Today, developments in toxicological sciences, systems biology and computational chemistry, and their integration provide opportunities to predict toxicological profiles of chemicals with highly reduced in vivo testing. At TNO, we are developing DIAMONDS (Data Infrastructure for Applying Models ON Design and Safety), a data infrastructure with statistical and computational tools aimed at predicting complex toxicological endpoints through integrated analysis.
In addition, DIAMONDS includes in vitro effect-specific screening models for ‘biological verification’ for verification of in silico-based toxicity predictions, thus reducing the uncertainty often associated with in silico models for complex endpoints. Part of DIAMONDS was developed in the Cefic-LRI AIMT3 DECO project.
A transparent framework was created for improving prediction of repeated dose toxicity by integrating chemoinformatic data with biological information from ‘omics’ and high-throughput screening (HTS) technologies. The investigated prediction approaches consisted of unsupervised clustering approaches for grouping chemical analogues and supervised class prediction approaches to develop classifiers for different liver toxicity endpoints. Results showed that by integrating different data types the clustering of analogues could be improved.
Furthermore, the conducted classification approaches showed that using omics data leads to a better prediction of repeated dose toxicity. In the FP7 project ChemScreen we explored a battery approach to identify reproductive and developmental toxicants, but also to biologically verify grouping and read across of structurally-related chemicals.
For a good prediction of toxic potency, quantitative in vitro in vivo extrapolation (QIVIVE) proved to be indispensable and is presently being incorporated into DIAMONDS.

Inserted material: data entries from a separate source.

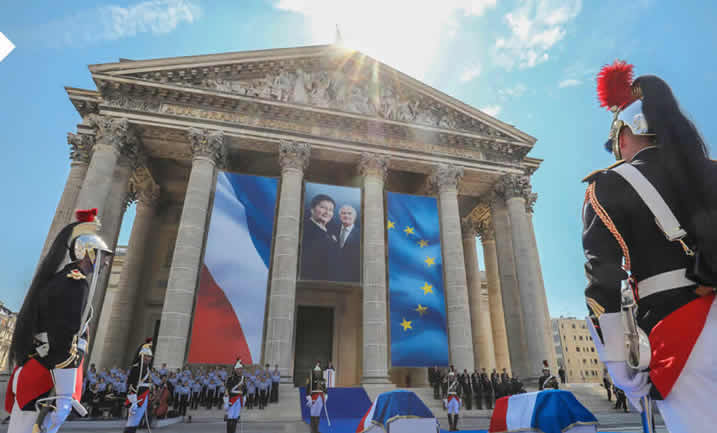 Image: Simone Veil, former MEP and first female President of the European Parliament, received French national honours and was interred in the Panthéon, only the fifth woman to receive this honour, Paris, France, 1 July 2018. © Associated Press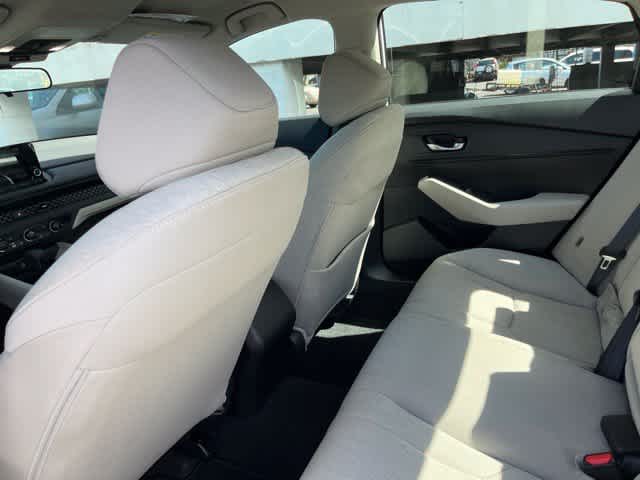 2024 Honda Accord LX - Photo 12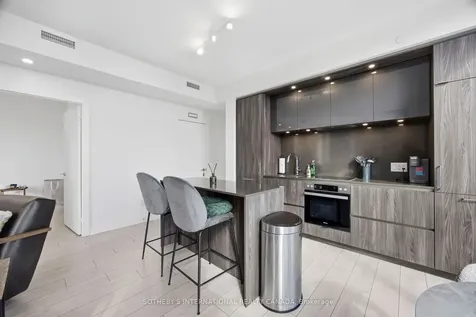 35 Mercer Street Toronto ON M5V 0V1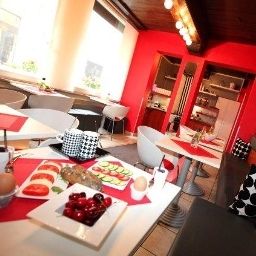 Sala de desayuno en el restaurante Falkenturm Fotos
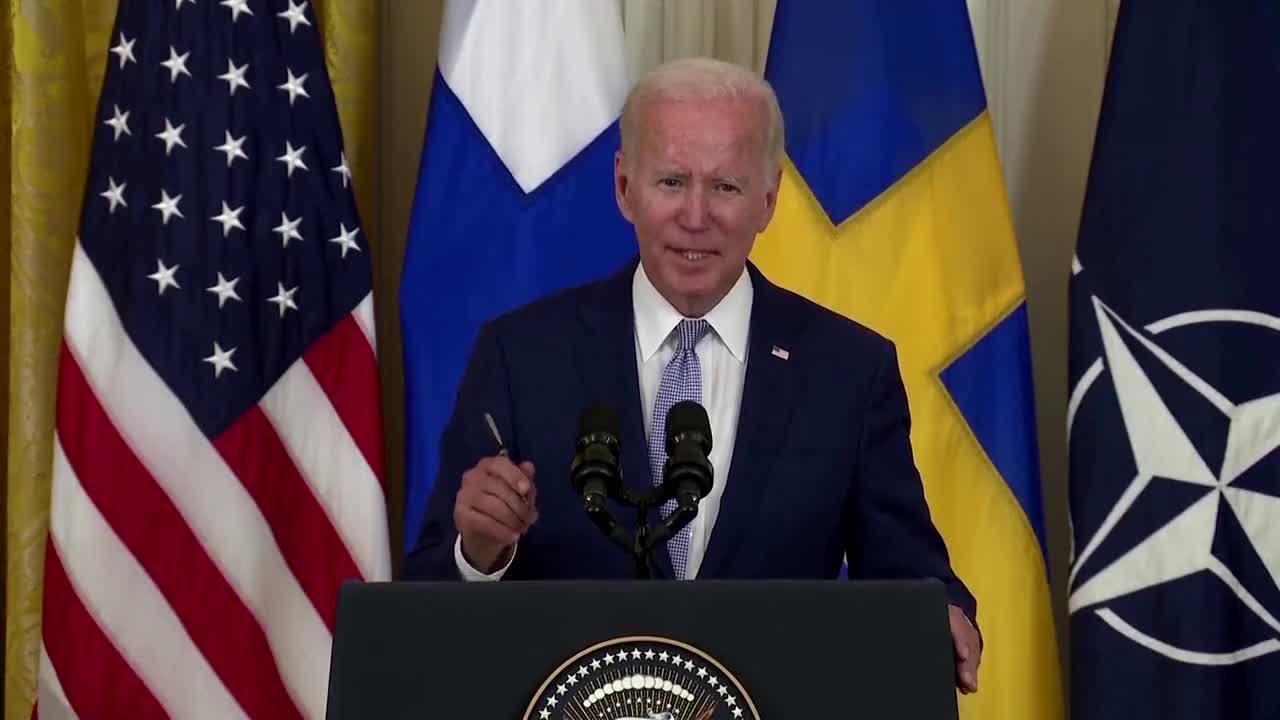 Biden signed documents endorsing Finland and Sweden to join NATO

E. Dinant Kroese (1956) studied Medicinal Chemistry at the Free University of Amsterdam (1984), and obtained his PhD for a thesis on chemical carcinogenesis at Leiden State University (1990). He is a Board Certified Toxicologist since 1997 and has over 25 years of experience in the field of toxicological risk assessment, of which ten in the design and conduct of carcinogenicity studies. He acted as specialist reviewer in this field at the National Institute of Public Health and the Environment (RIVM; 1988 to 1999). He participated in many working groups (EC, OECD), e.g. on Global Harmonisation of Classification and Labelling systems (GHS) and in drafting Technical Guidance Documents on Testing Strategies, Effects Assessment, and Risk Characterization in this field, was member of the Specialized Experts Group (advising the EU C&L WG on problematic C and M substances; 1993-1997). In 1999 he moved to TNO (inter alia acting as project leader Existing Substances (ESR), chief notification reviewer of New Substances (NONS) and project leader of several TNO research projects including one preparing for REACH), and preparing for REACH. He had significant involvement in REACH Implementation Projects, i.e. drafting guidance on data requirements (subgroup C&M), and deriving a DNEL/DMEL (RIP 3.2 and 3.3). Since the last 6 years he was engaged in EU FP projects like OSIRIS, and ChemScreen, on Integrated Testing and Evaluation Strategies for CMR substances, and in Cefic LRI projects on using omics information in toxicological assessments. All this work is published in well over 100 reports and manuscripts, and presented at various platforms.